A vegetarian diet is very popular in most countries, regardless of religion, gender, nationality or status of citizens. It is a certain way of expressing the inner world that still has ethical meaning. Plus, a vegetarian diet can do thatRisk of various health problemssuch as heart disease, obesity, high blood pressure, type 2 diabetes and some types of cancer. It is also a good way to lose excess weight. In this article you will find out what advantages a vegetarian diet has, whether it poses any risks and how you can lose weight with it.
Interesting facts: About 45% of people worldwide describe themselves as vegetarians.
What types of vegetarian diets are there?
A vegetarian diet can provide a wide variety of healthy foods. Different types of vegetarians eat different things:
Flexitarier: The term flexitarian is relatively new. These are people who lead a semi-vegetarian lifestyle and consume predominantly plant-based foods, dairy products and eggs, but also occasionallyEat meat and fish.
Pescetarier: Another relatively new term is pescatarian, which refers to people who consume seafood but not other meats.
Ovo-Lacto-Vegetarier: This is probably the most common form of vegetarianism, and is typically what people mean when they describe themselves as vegetarian. Ovo-lacto vegetarians do not eat meat, but do eat other animal products such as milk and eggs.
Vegan: A vegan diet is purely plant-based and does not contain any animal products such as milk and eggs. Some people don't even eat honey and gelatin. Vegans typically consume vegetables, fruits, nuts, legumes and wheat.
Interesting facts: People who want to follow a vegetarian diet should choose their diet carefully and eat a wide variety of foods to ensure they get all the nutrients they need. Taking nutrient-enriched food additives should never be ruled out.
There are a number of reasons why people become vegetarians. The production of vegetarian food is more environmentally friendly andreduces damage to nature. Many people also avoid eating meat for ideological, ethical or religious reasons. Take a look at some of the health benefits of vegetarianism that might motivate you to change your diet.
Lower body weight
A study of 38,000 people found that non-meat eaters had a lower body mass index (BMI) than meat eaters. Scientists attribute these results to the consumption of large amounts of plant foods, which, due to their high fiber content, help food to be digested more easily and quickly.
Healthier cholesterol levels through a vegetarian diet
Scientists have shown that a special vegetarianDiet lowers cholesterol levelscan reduce it just as well as medication. Levels of low-density lipoprotein (LDL), the “bad” cholesterol that causes blockages in the coronary arteries, fell by almost 30% in participants following the diet. The diet consisted of almonds, soy protein, foods rich in fiber, and plant sterols found in green leafy vegetables and vegetable oils.
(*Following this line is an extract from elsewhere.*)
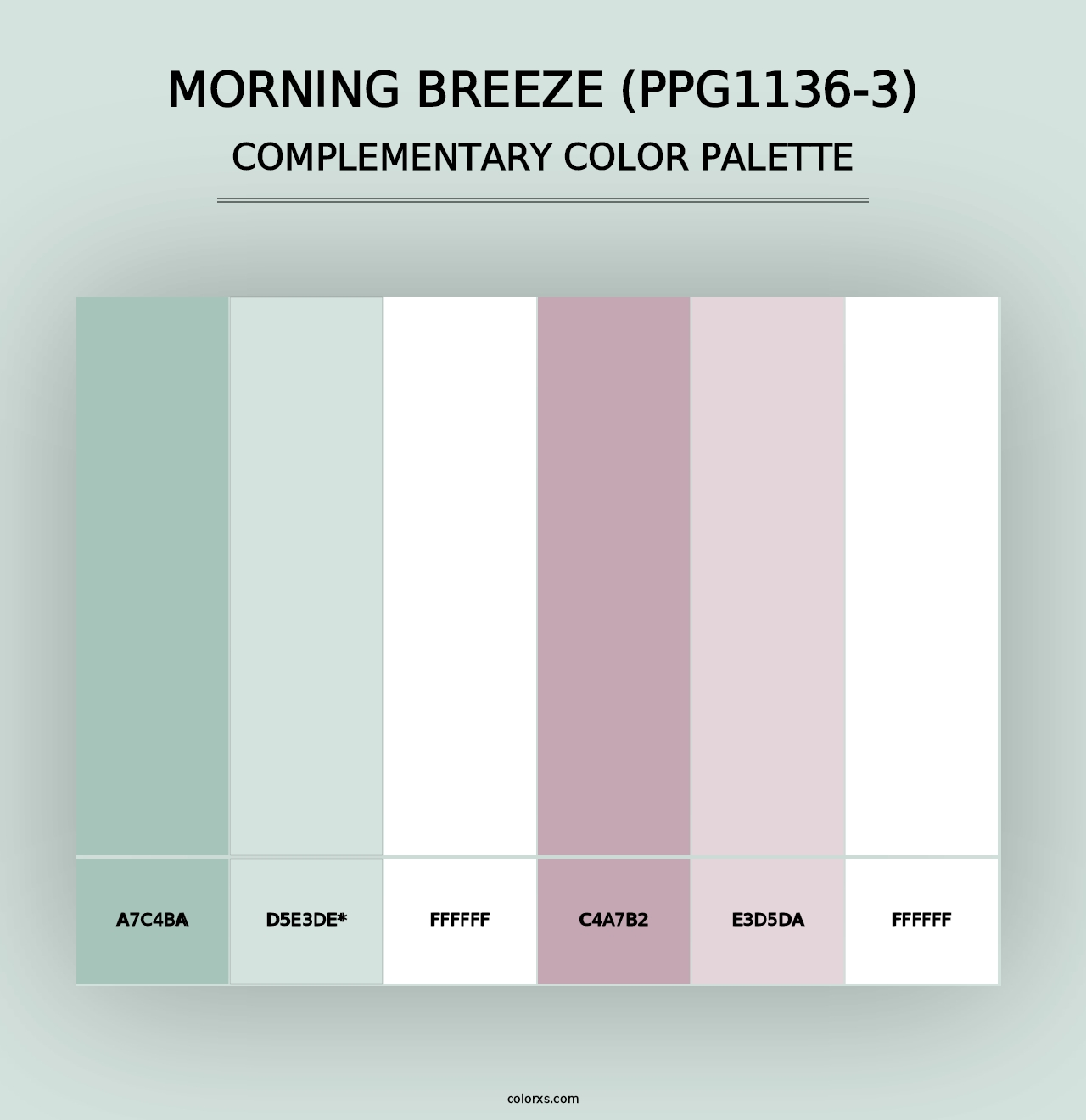 Morning Breeze (PPG1136-3) - Complementary Color Palette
Interesting facts: Research shows that vegetarians have a lower risk of developing various types of cancer than people who eat meat.
Lower risk of cardiovascular problems in vegetarians
Studies have shown that the more meat you consume, the greater your risk of type 2 diabetes and other diseases that threaten the cardiovascular system. Why is a vegetarian diet helpful? Most vegetarian diets contain foods rich in antioxidants. Antioxidants are molecules that reduce damage caused by oxidative stress, including atherosclerosis.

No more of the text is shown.